De acordo com a jurisprudência desta Corte, a contradição sanável mediante embargos
de declaração é aquela interna ao julgado embargado, que se dá entre a fundamentação e o

dispositivo, de modo a evidenciar uma ausência de logicidade no raciocínio desenvolvido pelo
julgador. Portanto, o recurso integrativo não se presta a corrigir eventual desconformidade entre a
decisão embargada e a prova dos autos, ato normativo, ou acórdão proferido pelo Tribunal de origem
ou em outro processo.

No caso, não restou demonstrada efetiva contradição a exigir a integração do julgado,
porquanto a fundamentação adotada é clara e suficiente para respaldar a conclusão alcançada.

Nesse sentido os seguintes precedentes:

PROCESSUAL CIVIL. EMBARGOS DE DECLARAÇÃO. OMISSÃO E
CONTRADIÇÃO. NÃO CARACTERIZAÇÃO. INEXISTÊNCIA DE
QUAISQUER DOS VÍCIOS DO ART. 535 DO CPC. REDISCUSSÃO DE
QUESTÕES DECIDIDAS. IMPOSSIBILIDADE.

(...)

4. Ademais, nos termos da jurisprudência do Superior Tribunal de Justiça, a
contradição sanável por meio dos embargos de declaração é aquela interna ao
julgado embargado - por exemplo, a incompatibilidade entre a fundamentação e o
dispositivo da própria decisão.
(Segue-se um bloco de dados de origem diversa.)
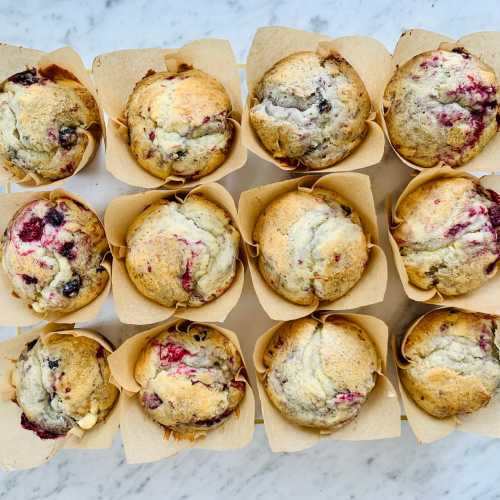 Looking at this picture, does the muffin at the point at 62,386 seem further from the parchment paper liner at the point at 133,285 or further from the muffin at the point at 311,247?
the muffin at the point at 311,247

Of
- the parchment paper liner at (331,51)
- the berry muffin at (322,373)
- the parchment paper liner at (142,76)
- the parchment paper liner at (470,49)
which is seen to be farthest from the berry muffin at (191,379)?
the parchment paper liner at (470,49)

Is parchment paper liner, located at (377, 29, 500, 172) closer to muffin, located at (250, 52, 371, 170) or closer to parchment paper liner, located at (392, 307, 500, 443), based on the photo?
muffin, located at (250, 52, 371, 170)

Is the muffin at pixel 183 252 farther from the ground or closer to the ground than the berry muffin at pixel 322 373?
farther from the ground

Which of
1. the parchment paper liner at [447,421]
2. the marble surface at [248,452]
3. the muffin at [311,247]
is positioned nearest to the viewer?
the muffin at [311,247]

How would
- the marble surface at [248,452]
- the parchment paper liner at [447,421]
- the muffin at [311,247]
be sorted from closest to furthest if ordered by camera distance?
the muffin at [311,247]
the parchment paper liner at [447,421]
the marble surface at [248,452]


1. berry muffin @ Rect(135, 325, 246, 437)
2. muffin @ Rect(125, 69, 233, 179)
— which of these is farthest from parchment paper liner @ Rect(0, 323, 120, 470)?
muffin @ Rect(125, 69, 233, 179)

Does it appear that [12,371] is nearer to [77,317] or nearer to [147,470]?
[77,317] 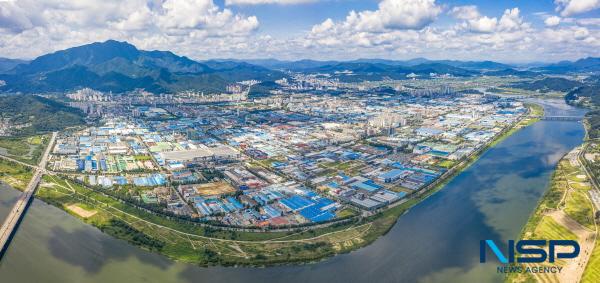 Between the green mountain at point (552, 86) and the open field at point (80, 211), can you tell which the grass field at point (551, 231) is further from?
the green mountain at point (552, 86)

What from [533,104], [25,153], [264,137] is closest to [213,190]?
[264,137]

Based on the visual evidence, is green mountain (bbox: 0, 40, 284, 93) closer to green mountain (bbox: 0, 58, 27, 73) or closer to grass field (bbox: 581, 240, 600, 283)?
green mountain (bbox: 0, 58, 27, 73)

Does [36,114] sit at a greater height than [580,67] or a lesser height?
lesser

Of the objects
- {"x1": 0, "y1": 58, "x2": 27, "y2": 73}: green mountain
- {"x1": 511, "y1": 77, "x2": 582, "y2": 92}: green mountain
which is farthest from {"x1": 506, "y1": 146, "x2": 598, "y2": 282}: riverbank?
{"x1": 0, "y1": 58, "x2": 27, "y2": 73}: green mountain

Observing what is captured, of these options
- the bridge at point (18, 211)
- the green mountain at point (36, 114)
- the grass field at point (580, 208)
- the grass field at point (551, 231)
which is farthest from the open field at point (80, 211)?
the grass field at point (580, 208)

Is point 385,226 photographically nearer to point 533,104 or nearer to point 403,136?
point 403,136

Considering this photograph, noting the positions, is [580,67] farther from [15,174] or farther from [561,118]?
[15,174]

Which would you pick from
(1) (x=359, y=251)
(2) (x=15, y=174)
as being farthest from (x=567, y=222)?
(2) (x=15, y=174)

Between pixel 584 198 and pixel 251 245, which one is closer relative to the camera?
pixel 251 245
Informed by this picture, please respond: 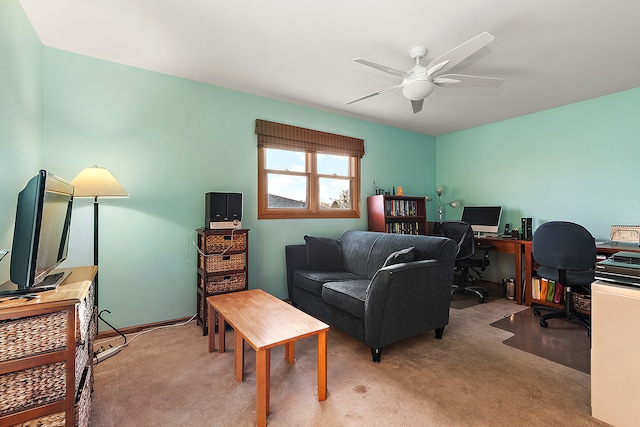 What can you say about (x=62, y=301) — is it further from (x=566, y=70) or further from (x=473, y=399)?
(x=566, y=70)

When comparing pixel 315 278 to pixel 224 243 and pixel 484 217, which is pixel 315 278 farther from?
pixel 484 217

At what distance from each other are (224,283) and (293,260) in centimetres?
89

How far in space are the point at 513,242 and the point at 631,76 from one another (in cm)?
203

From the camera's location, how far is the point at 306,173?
3836 mm

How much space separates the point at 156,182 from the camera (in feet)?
9.23

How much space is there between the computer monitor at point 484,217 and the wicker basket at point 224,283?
3.48 metres

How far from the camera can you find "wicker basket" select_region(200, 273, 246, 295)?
8.93ft

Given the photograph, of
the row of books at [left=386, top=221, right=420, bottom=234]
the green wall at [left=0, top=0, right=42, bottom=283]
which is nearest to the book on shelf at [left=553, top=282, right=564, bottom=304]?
the row of books at [left=386, top=221, right=420, bottom=234]

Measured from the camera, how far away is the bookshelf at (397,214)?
163 inches

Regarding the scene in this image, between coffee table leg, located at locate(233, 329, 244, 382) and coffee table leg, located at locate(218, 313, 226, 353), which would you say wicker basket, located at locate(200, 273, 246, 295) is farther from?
coffee table leg, located at locate(233, 329, 244, 382)

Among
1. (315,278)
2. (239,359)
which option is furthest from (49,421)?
(315,278)

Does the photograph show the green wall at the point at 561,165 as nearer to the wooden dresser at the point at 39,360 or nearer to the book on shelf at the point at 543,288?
the book on shelf at the point at 543,288

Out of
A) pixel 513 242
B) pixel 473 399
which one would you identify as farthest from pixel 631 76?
pixel 473 399

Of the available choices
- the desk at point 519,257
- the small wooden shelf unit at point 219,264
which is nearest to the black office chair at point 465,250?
the desk at point 519,257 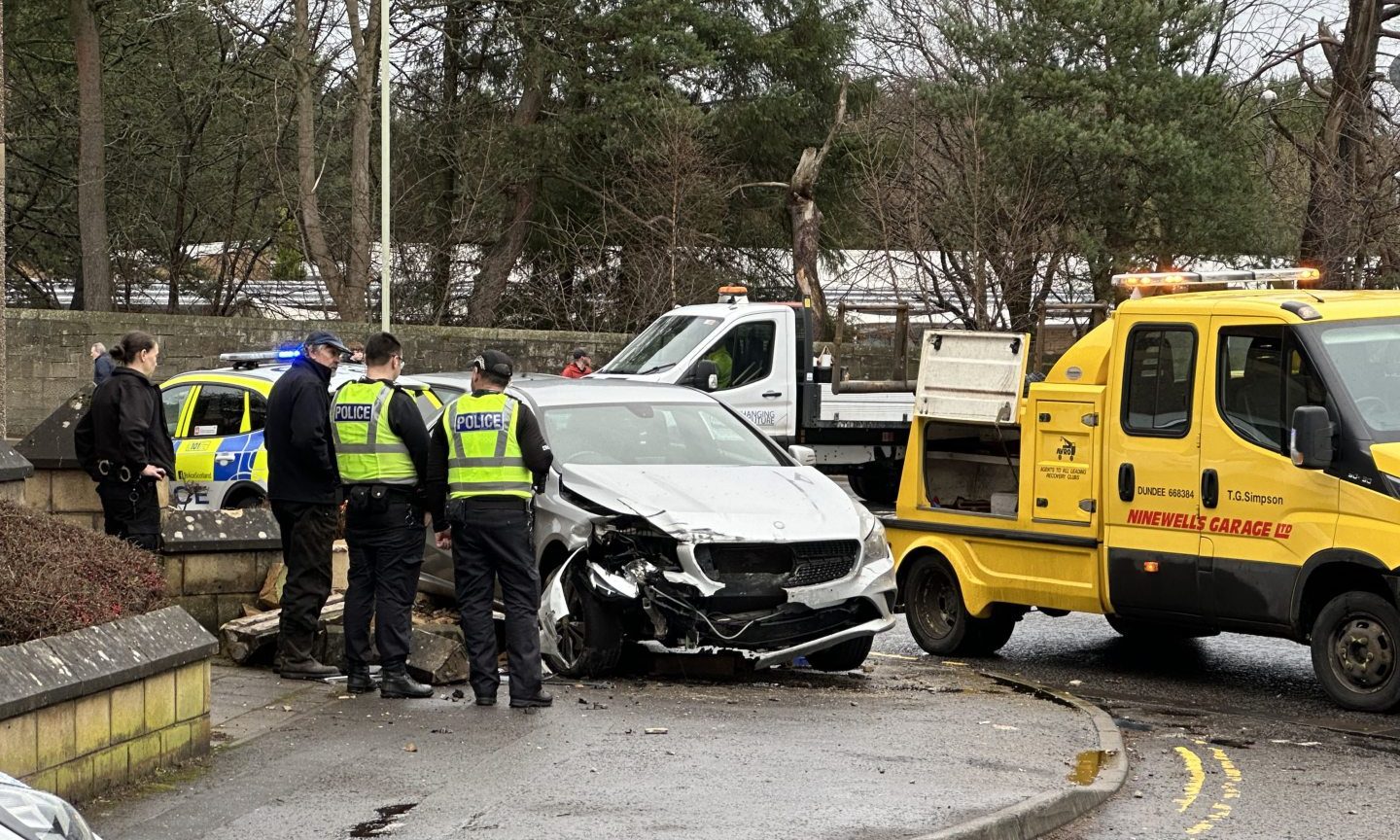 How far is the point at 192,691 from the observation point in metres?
7.11

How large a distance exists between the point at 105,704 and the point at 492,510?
8.48 feet

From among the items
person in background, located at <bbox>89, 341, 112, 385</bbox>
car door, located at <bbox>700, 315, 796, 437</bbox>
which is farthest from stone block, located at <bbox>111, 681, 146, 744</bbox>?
person in background, located at <bbox>89, 341, 112, 385</bbox>

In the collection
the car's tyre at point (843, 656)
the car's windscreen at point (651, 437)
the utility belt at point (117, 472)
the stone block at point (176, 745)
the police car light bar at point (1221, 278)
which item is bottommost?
the car's tyre at point (843, 656)

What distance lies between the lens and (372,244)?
31.4 m

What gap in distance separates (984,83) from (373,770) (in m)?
26.2

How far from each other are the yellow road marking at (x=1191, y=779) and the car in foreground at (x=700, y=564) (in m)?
1.92

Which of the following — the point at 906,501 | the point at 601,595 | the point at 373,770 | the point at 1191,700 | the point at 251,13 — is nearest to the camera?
the point at 373,770

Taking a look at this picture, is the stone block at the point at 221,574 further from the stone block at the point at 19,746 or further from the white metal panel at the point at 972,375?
the white metal panel at the point at 972,375

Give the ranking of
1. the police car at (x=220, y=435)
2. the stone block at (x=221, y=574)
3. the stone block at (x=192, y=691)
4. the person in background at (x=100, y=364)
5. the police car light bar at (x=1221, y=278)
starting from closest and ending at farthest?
the stone block at (x=192, y=691) < the stone block at (x=221, y=574) < the police car light bar at (x=1221, y=278) < the police car at (x=220, y=435) < the person in background at (x=100, y=364)

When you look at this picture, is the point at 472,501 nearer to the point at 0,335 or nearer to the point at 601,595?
the point at 601,595

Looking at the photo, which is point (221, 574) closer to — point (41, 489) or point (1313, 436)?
point (41, 489)

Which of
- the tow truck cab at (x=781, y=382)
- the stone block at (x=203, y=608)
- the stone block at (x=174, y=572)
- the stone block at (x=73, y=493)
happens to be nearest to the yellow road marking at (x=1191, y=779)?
the stone block at (x=203, y=608)

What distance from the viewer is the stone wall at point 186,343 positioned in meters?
27.3

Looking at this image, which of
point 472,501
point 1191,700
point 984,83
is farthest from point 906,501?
point 984,83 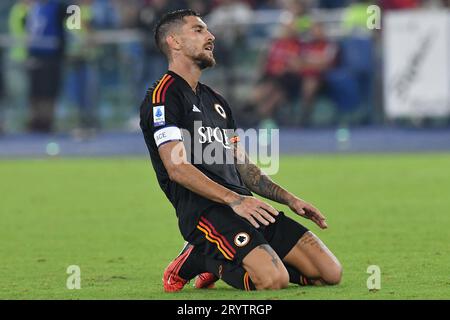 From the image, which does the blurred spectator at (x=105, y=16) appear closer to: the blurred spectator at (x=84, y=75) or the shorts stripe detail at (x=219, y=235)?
the blurred spectator at (x=84, y=75)

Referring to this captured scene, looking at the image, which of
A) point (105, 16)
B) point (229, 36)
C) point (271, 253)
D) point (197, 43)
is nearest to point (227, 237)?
point (271, 253)

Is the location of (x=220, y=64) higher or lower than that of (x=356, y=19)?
lower

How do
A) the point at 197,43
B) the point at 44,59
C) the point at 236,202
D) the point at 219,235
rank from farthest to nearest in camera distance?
1. the point at 44,59
2. the point at 197,43
3. the point at 219,235
4. the point at 236,202

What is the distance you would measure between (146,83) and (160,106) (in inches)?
576

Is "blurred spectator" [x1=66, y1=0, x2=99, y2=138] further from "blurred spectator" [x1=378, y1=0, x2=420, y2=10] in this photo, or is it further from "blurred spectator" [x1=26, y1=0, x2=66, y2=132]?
"blurred spectator" [x1=378, y1=0, x2=420, y2=10]

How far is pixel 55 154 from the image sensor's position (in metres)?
22.0

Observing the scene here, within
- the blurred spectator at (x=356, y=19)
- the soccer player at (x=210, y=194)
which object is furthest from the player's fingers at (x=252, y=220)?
the blurred spectator at (x=356, y=19)

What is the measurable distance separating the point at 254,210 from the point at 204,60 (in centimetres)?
132

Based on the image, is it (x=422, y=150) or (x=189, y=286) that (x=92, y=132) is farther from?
(x=189, y=286)

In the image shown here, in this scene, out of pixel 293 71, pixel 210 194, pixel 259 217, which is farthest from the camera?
pixel 293 71

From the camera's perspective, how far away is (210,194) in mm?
8453

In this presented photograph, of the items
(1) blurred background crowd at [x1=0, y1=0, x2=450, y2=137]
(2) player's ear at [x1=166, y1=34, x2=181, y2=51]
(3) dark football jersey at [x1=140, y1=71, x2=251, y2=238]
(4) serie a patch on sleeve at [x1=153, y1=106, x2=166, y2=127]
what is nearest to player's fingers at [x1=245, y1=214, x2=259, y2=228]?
(3) dark football jersey at [x1=140, y1=71, x2=251, y2=238]

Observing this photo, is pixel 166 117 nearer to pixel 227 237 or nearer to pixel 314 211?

No caso em exame, o dispositivo do acórdão
embargado está em perfeita consonância com a fundamentação que lhe antecede,
não havendo contradição interna a ser sanada.

5. Embargos de declaração rejeitados.

(EDcl no AgRg no AREsp 308.455/PB, Rel. Ministro SÉRGIO KUKINA,
PRIMEIRA TURMA, julgado em 03/09/2013, DJe 10/09/2013).

PROCESSUAL CIVIL. EMBARGOS DE DECLARAÇÃO NO AGRAVO
REGIMENTAL NO AGRAVO EM RECURSO ESPECIAL. ART. 535, INCS. I
E II, DO CPC. OMISSÃO, CONTRADIÇÃO OU OBSCURIDADE.
INEXISTÊNCIA.

(...)

3. A contradição que autoriza os embargos de declaração é a interna do acórdão, e
não aquela em que o fundamento do voto colidiria com a jurisprudência em caso
análogo - error in judicando.

4. Embargos de declaração rejeitados.

(EDcl no AgRg no AREsp 438.306/RS, Rel. Ministro OG FERNANDES,
SEGUNDA TURMA, julgado em 24/04/2014, DJe 20/05/2014).

Ante o exposto, REJEITO os Embargos de Declaração.

Publique-se e intimem-se.

Brasília (DF), 16 de fevereiro de 2017.